TASK GOAL
Return the tail of the records exactly, starting from the line containing "2NE1 出演《劉Quiz》！CL談起Coachella音樂節幕後故事" and ending with the final line.

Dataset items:
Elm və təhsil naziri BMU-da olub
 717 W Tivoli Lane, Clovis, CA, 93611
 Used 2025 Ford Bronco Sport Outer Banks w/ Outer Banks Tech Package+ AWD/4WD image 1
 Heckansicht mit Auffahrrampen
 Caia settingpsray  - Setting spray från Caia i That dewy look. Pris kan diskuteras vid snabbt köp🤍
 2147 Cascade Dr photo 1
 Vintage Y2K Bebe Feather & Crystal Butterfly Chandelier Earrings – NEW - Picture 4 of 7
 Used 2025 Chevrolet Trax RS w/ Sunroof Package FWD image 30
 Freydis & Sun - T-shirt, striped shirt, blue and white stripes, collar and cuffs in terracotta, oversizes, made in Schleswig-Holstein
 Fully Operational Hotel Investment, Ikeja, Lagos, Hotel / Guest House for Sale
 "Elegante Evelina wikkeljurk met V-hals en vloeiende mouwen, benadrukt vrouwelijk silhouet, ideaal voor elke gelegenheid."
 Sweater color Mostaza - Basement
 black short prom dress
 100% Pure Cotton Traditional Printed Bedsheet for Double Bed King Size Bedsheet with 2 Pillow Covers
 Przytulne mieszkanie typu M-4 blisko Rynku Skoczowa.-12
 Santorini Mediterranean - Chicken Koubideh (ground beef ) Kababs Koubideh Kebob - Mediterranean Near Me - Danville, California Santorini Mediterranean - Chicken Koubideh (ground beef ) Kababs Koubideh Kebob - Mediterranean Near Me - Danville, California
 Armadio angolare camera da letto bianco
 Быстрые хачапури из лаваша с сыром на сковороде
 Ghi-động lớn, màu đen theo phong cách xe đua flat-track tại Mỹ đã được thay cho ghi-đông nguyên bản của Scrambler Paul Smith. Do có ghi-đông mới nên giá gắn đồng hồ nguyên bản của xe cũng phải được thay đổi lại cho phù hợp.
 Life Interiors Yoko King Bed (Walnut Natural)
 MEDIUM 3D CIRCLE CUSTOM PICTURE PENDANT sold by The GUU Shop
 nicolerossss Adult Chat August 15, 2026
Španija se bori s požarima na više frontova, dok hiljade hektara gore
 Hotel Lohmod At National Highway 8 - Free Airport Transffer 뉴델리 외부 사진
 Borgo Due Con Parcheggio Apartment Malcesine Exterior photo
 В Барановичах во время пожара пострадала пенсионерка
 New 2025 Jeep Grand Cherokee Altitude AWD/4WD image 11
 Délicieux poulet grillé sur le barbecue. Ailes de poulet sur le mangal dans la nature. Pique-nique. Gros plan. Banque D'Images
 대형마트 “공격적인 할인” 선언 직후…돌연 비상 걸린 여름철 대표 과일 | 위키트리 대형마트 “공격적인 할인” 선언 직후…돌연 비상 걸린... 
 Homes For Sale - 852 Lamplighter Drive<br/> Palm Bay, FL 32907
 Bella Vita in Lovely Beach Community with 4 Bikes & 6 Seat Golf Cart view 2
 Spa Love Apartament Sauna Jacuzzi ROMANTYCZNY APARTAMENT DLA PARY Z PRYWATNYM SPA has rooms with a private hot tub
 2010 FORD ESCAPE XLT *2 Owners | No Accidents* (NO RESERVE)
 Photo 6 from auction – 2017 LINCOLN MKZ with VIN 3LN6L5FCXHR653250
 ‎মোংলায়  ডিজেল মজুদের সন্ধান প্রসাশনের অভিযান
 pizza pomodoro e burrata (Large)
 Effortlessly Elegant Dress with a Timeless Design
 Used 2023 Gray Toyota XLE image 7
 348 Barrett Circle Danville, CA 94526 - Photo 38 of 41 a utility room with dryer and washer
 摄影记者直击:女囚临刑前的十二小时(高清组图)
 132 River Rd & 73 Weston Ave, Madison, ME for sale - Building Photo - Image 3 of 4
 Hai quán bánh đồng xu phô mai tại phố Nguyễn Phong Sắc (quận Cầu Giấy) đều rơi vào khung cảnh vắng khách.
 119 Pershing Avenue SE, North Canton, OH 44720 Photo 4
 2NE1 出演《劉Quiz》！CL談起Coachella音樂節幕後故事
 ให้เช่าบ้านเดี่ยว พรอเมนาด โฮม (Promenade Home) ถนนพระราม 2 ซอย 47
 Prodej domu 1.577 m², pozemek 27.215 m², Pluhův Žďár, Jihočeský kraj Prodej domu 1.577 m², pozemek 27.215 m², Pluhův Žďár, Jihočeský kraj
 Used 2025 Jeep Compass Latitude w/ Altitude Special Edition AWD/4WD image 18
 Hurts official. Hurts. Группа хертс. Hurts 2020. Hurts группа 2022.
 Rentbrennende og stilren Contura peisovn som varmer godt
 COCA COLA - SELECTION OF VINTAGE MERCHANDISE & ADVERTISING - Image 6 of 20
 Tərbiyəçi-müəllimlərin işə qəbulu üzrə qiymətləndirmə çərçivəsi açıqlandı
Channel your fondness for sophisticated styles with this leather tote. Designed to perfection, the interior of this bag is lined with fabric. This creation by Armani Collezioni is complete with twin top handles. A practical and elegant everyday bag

RESULT
 2NE1 出演《劉Quiz》！CL談起Coachella音樂節幕後故事
 ให้เช่าบ้านเดี่ยว พรอเมนาด โฮม (Promenade Home) ถนนพระราม 2 ซอย 47
 Prodej domu 1.577 m², pozemek 27.215 m², Pluhův Žďár, Jihočeský kraj Prodej domu 1.577 m², pozemek 27.215 m², Pluhův Žďár, Jihočeský kraj
 Used 2025 Jeep Compass Latitude w/ Altitude Special Edition AWD/4WD image 18
 Hurts official. Hurts. Группа хертс. Hurts 2020. Hurts группа 2022.
 Rentbrennende og stilren Contura peisovn som varmer godt
 COCA COLA - SELECTION OF VINTAGE MERCHANDISE & ADVERTISING - Image 6 of 20
 Tərbiyəçi-müəllimlərin işə qəbulu üzrə qiymətləndirmə çərçivəsi açıqlandı
Channel your fondness for sophisticated styles with this leather tote. Designed to perfection, the interior of this bag is lined with fabric. This creation by Armani Collezioni is complete with twin top handles. A practical and elegant everyday bag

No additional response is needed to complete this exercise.